In Deutschland und ganz Europa wurde ab den 1840er Jahren zunehmend Widerspruch gegen die wirtschaftlichen, sozialen und kulturellen Entwicklungen der Moderne laut. Auch Richard Wagner gehörte zu den Kritikern der fortschreitenden Industrialisierung und des Kapitalismus. Gleichzeitig wäre sein künstlerischer Aufstieg ohne einen modernen Kunst- und Musikmarkt nicht denkbar gewesen. Im Deutschen Historischen Museum wird Wagner als Gefühlstechniker sichtbar, der in einer zunehmend kommerzialisierten Welt den gesellschaftlichen Stellenwert der Kunst und des Künstlers neu verortete. Dafür entwickelte er Vermarktungsstrategien, in denen Emotionen eine wesentliche Rolle spielten.
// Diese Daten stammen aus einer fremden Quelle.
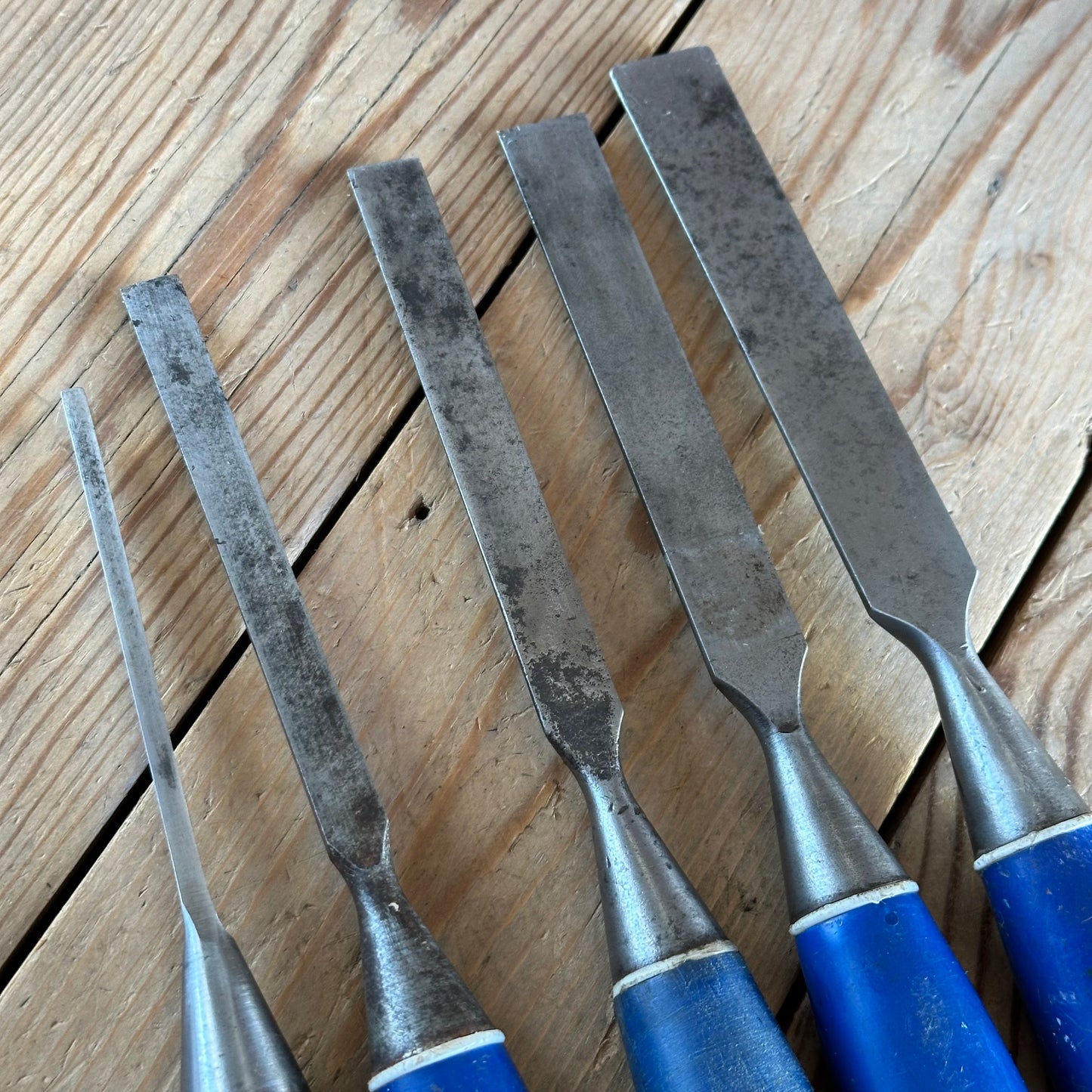 T10044 Vintage MARPLES Bevelled CHISELS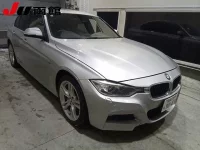 BMW 3-Series лот № 9218 оценка 3  с аукциона в Японии 3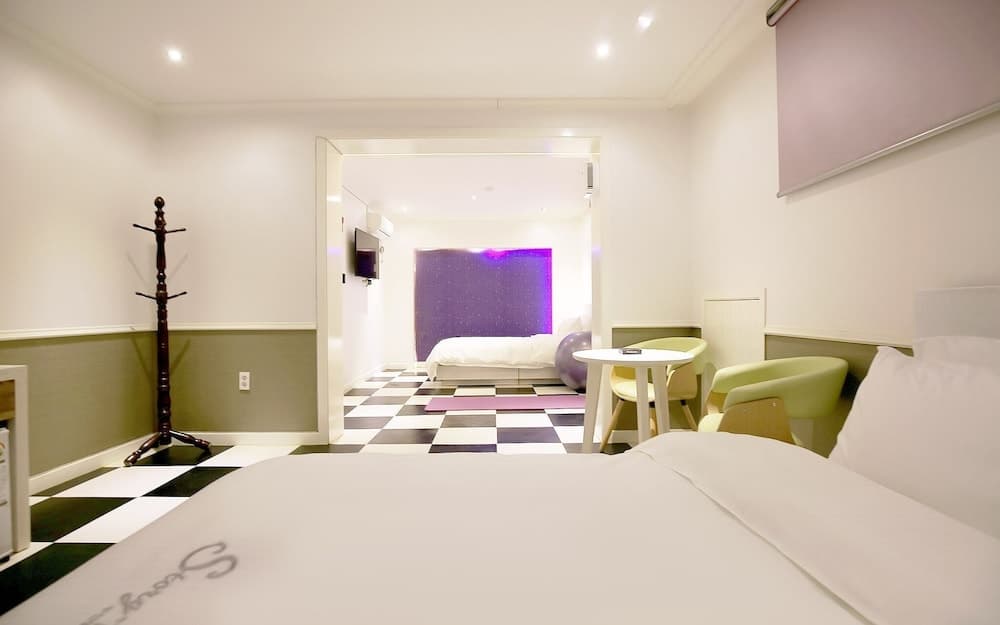 Goesan Story Self Check-in Motel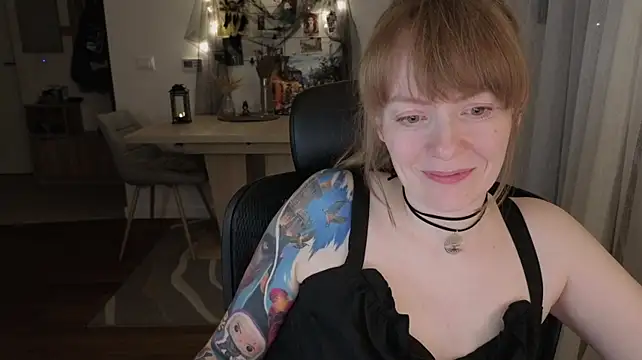Aurora_Velvett_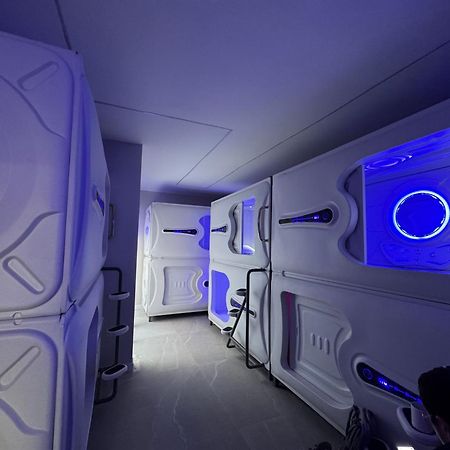 Hostel Space Capsule Madrid Luaran gambar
Ausgehend von der starken Polarisierung, die Richard Wagner bis heute auslöst, setzt die Ausstellung sein Leben und Werk in Bezug zu den Strömungen und Stimmungen seiner Epoche. Sie rückt vier Grundgefühle des 19. Jahrhunderts in den Mittelpunkt, die als treibende Kräfte die Zeitumstände wie auch Wagners Vorstellungen prägten: Entfremdung und Zugehörigkeit, Eros und Ekel. Die vier Kapitel gehen der Frage nach, wie Wagner gesellschaftliche Gefühlszustände wahrnahm und künstlerisch auf diese reagierte.
Wagners künstlerisches Schaffen steht im Kontext der nach der Reichsgründung in Politik, Wissenschaft und Kunst allgegenwärtigen Suche nach einer deutschen Identität. Auch deshalb gewann in seinen Kompositionen die Frage, wer dazu gehören solle, an Bedeutung. Die verschiedenen Versionen seiner Hetzschrift „Das Judenthum in der Musik” veranschaulichen, dass Wagners ausgeprägter Antisemitismus und sein Nationalismus untrennbar Hand in Hand gingen. Dem Thema widmet sich auch die eigens vom Intendanten der Komischen Oper Berlin Barrie Kosky geschaffene Installation „Schwarzalbenreich“: In der Dunkelheit eines Raums im Raum vermischt eine Klangcollage ins Jiddische übertragene, antisemitische Wagner-Zitate mit Passagen der antisemitisch überzeichneten Figuren seiner Werke sowie mit synagogalem Gesang.